採用担当者に「選ばれる」Webデザイナーのポートフォリオの作り方
こんにちは、川端康介です。(https://twitter.com/nanocolorkwbt)
集大成となるベストアルバムを作るつもりですか?
WEBデザイナーの就職や転職で重要なポートフォリオ。いろんな人が、いろんな視点から、色んなことを言うから「一体、どれが答えなの?」と困っている方が多いんじゃないでしょうか。
結論、「答え」はポートフォリオを受け取る相手が持っています。つまり応募した企業の採用担当者です。
人は相対的に比較し判断します。あなたは、競合(他デザイナー)と比較され、自社の採用基準に見合うかどうかを判断されます。つまり、あなたにとっての一番ではなく、相手にとっての一番にならなければ、選ばれることはないのです。
ポートフォリオは、自分の技術や知識や思考プロセスを、相手が価値となるものに変換して、ただしく伝え届け、競合(ライバルデザイナー)ではなく自分が選ばれる(就職や受注)、という目的を果たすツールと考えれば、いわゆるマーケティングという側面が多分に含まれます。それはまさしく自分をデザインする、といっても過言じゃないと思います。
今、まさに転職を考えているデザイナーの方にとって、このnoteが参考になれば幸いです。
相手視点に変換する10ポイント
1.自信のある一押し作品を載せる
→ 相手企業の事業内容に合わせた実績を載せる
自信のあるイチオシ作品を載せたい気持ちもあるでしょうが、採用側としては自社特性と親和性の高い実績を見たいのが本音です。クオリティは高いかもしれないがウチではないな…と思わせてしまう実績ではなく、採用側があなたを採用することがメリットと感じられる実績を中心に掲載しましょう。
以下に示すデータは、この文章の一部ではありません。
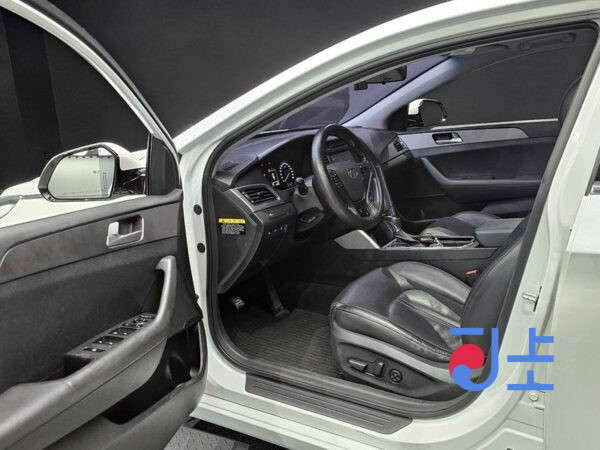 Hyundai Sonata white - KMHE341DBFA130869 - Image 11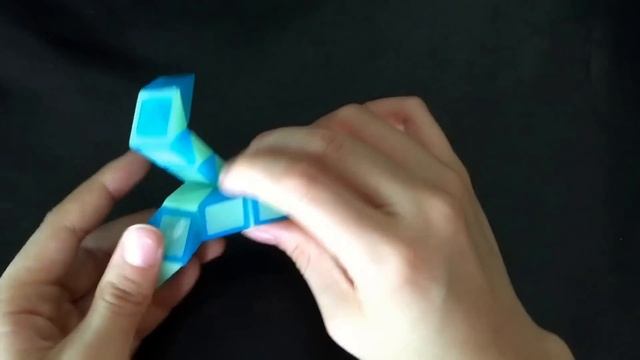 Smiggle Snake Puzzle or Rubik's Twist Tutorial: How To Make An Ostrich... Step by Step Video смотреть онлайн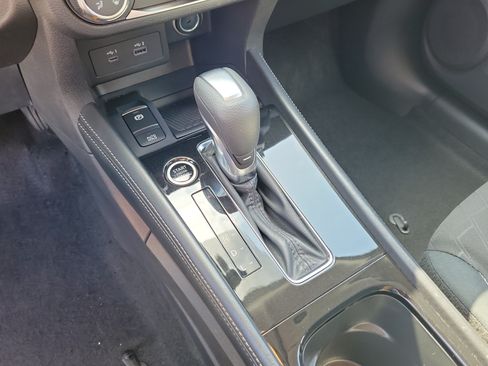 Certified 2024 Nissan Kicks SV FWD image 22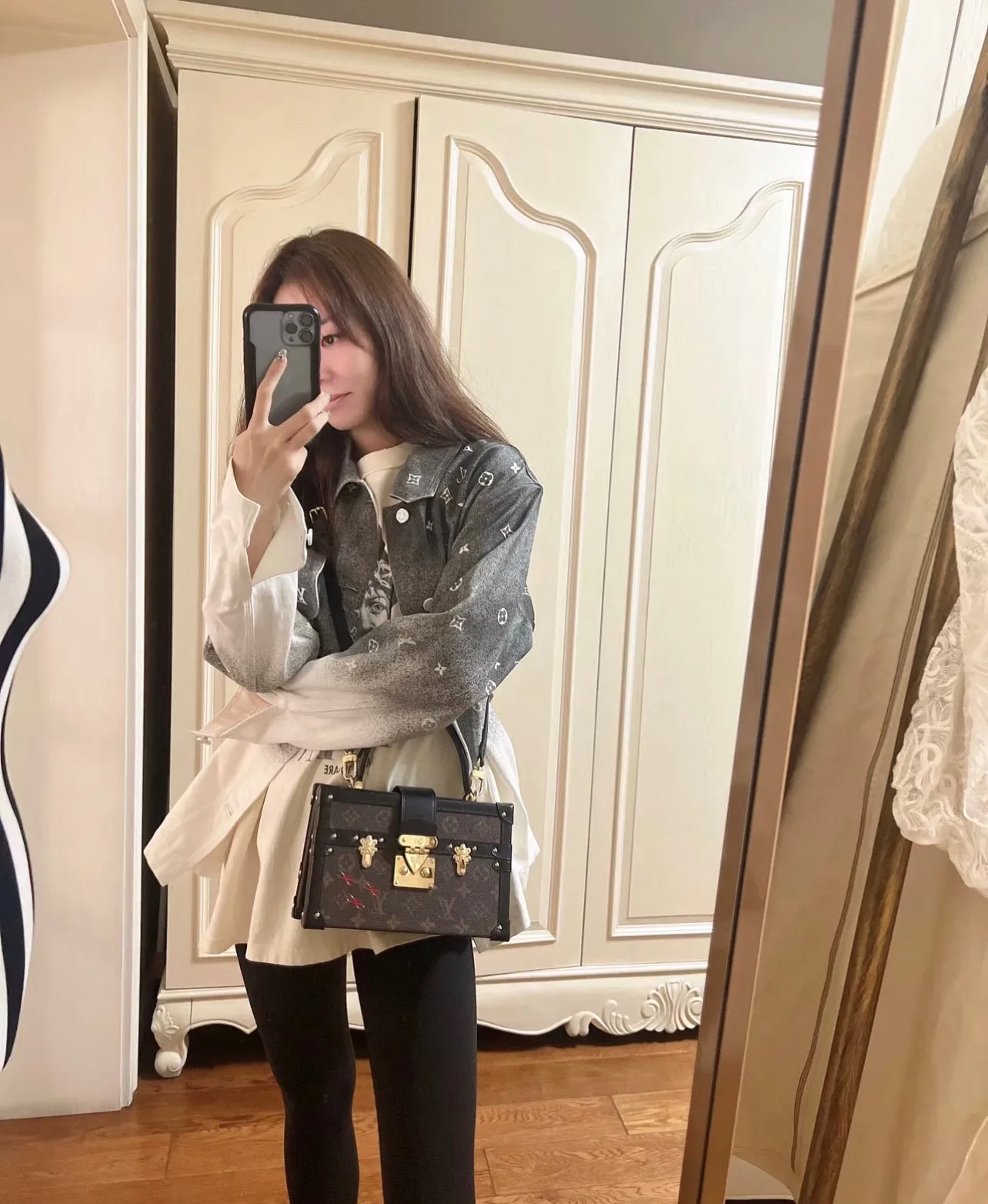 Batch 460💰Original upgrade quality M46309 Nicolas Ghesquières once again goes back to Louis Vuitton’s box-making tradition to create this Petite Malle V handbag. Monogram canvas is trimmed with leather, and the side gussets are V-shaped, creating a soft texture and ample space. Comes with Monogram zippered interior pocket secured by chain. Dimensions 24 x 16 x 13 cm (length x height x width)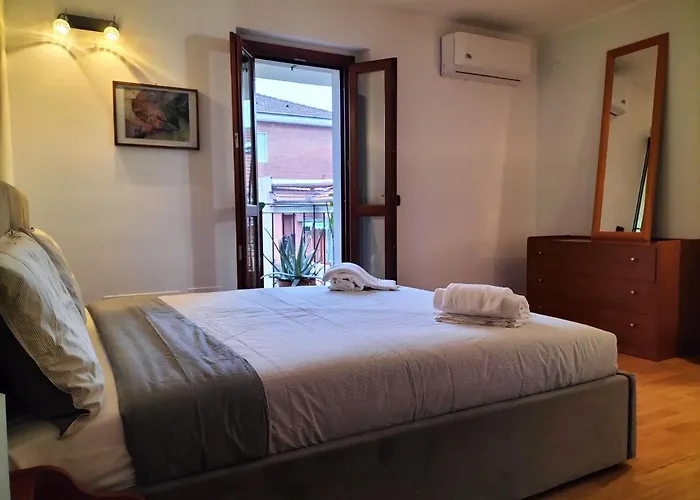 דירה Big Bright Flat In Close To Loreto Square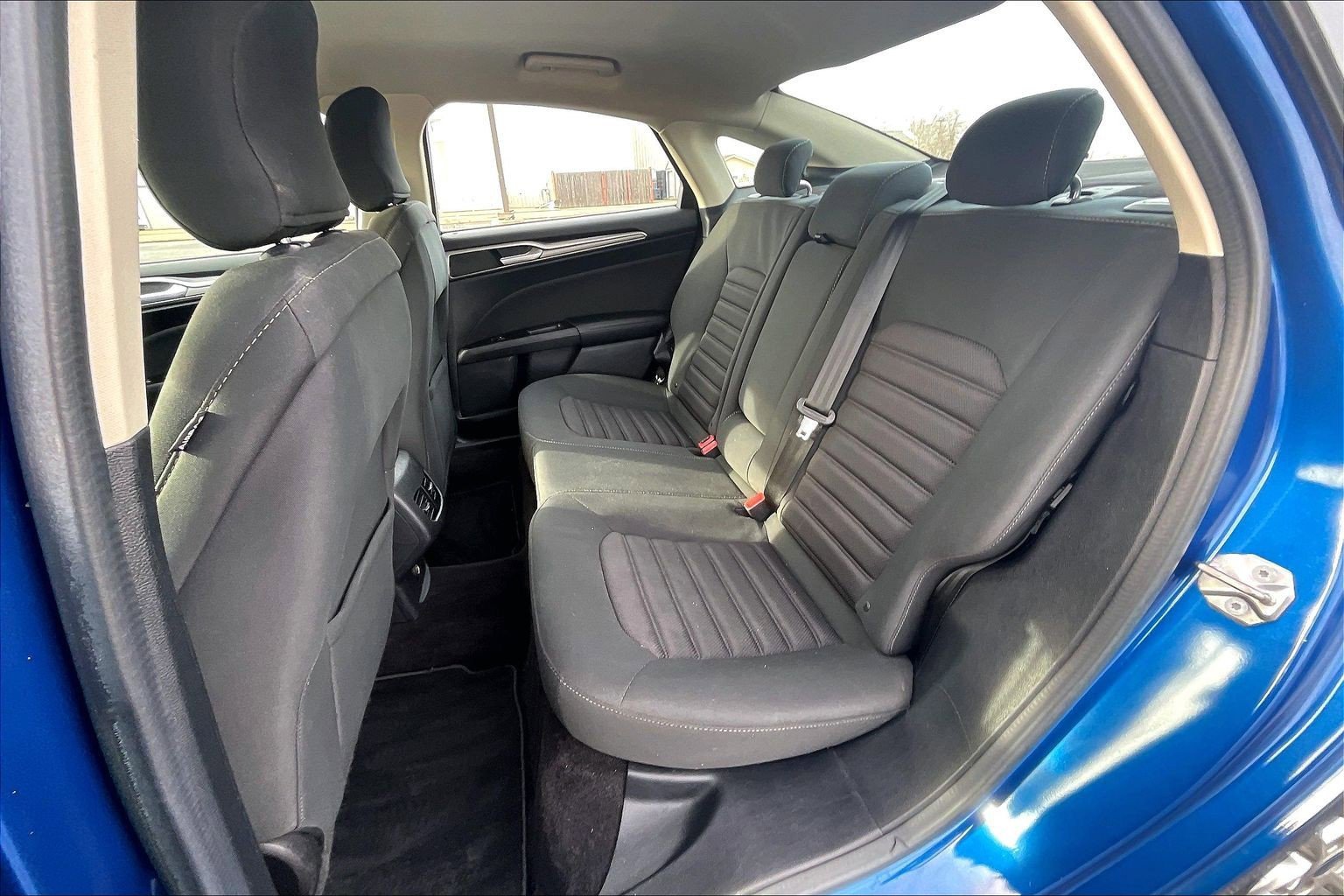 Used 2017 Ford Fusion SE w/ Fusion SE Technology Package image 17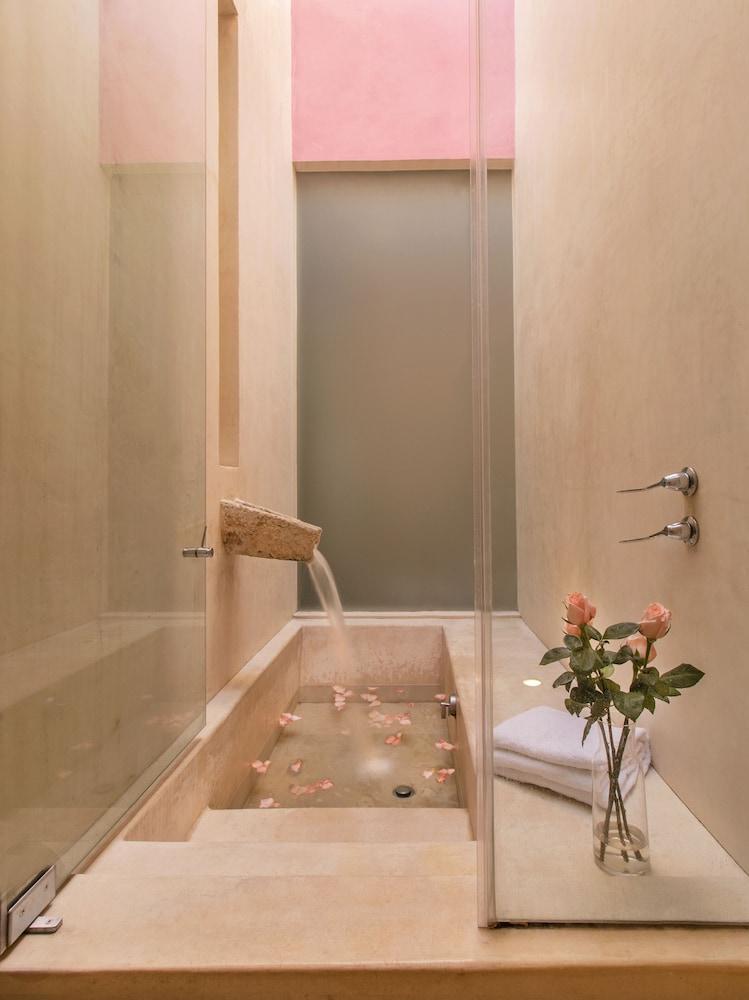 Rosas & Xocolate Boutique And Merida, A Member Of Design 5*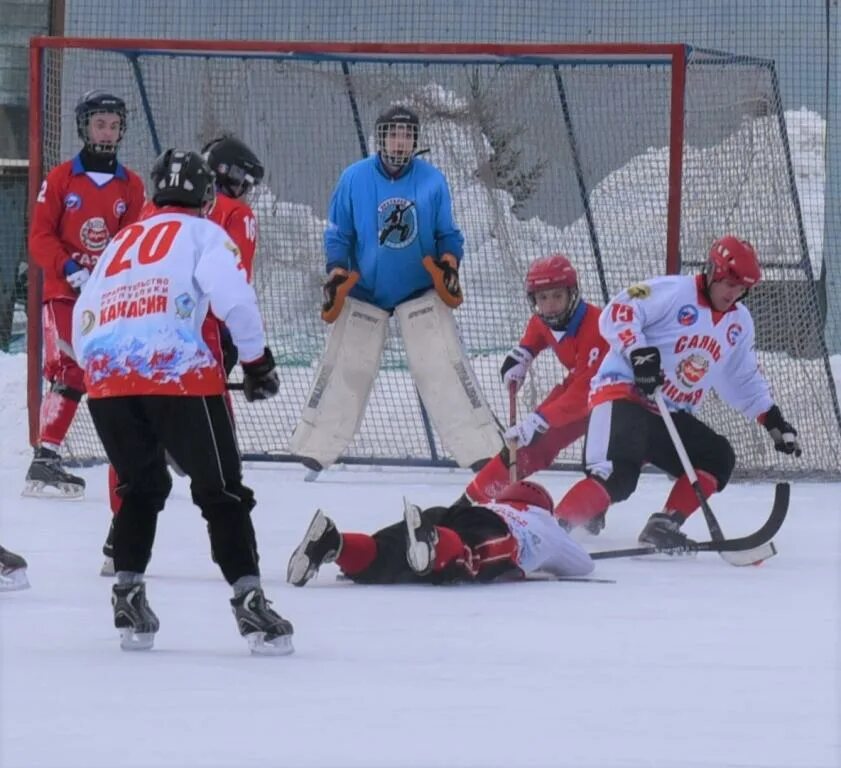 хоккей хакасии. республика хакасия хоккей с мячом 2020. хоккей с мячом абакан. хоккей с мячом республика хакасия. хоккей хакасии.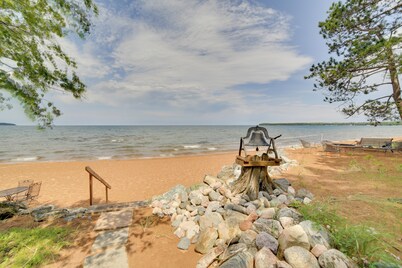 Private Beach! Year-round Lake Superior Retreat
そのために応募する企業の制作事例やどの業界に強いのか、何を大切にしているかをリサーチすることが必須です。相手を知ることからまず始めましょう。これに尽きます。
2.掲載数は〇〇個前後
→数ではなく、企業の領域に合わせる。
ある程度掲載数を絞る理由に、採用担当者は忙しいので全部見ないという声を聞きます。が、僕が思うにそれは採用担当者の怠慢です。
採用は、関わる人の人生にも企業の未来にとっても重要なことです。だからこそ全てを確認した上で、全部合う/おおよそ合う/部分的に合う/全部合わないと総合的に判断し優先度をつけ選考します。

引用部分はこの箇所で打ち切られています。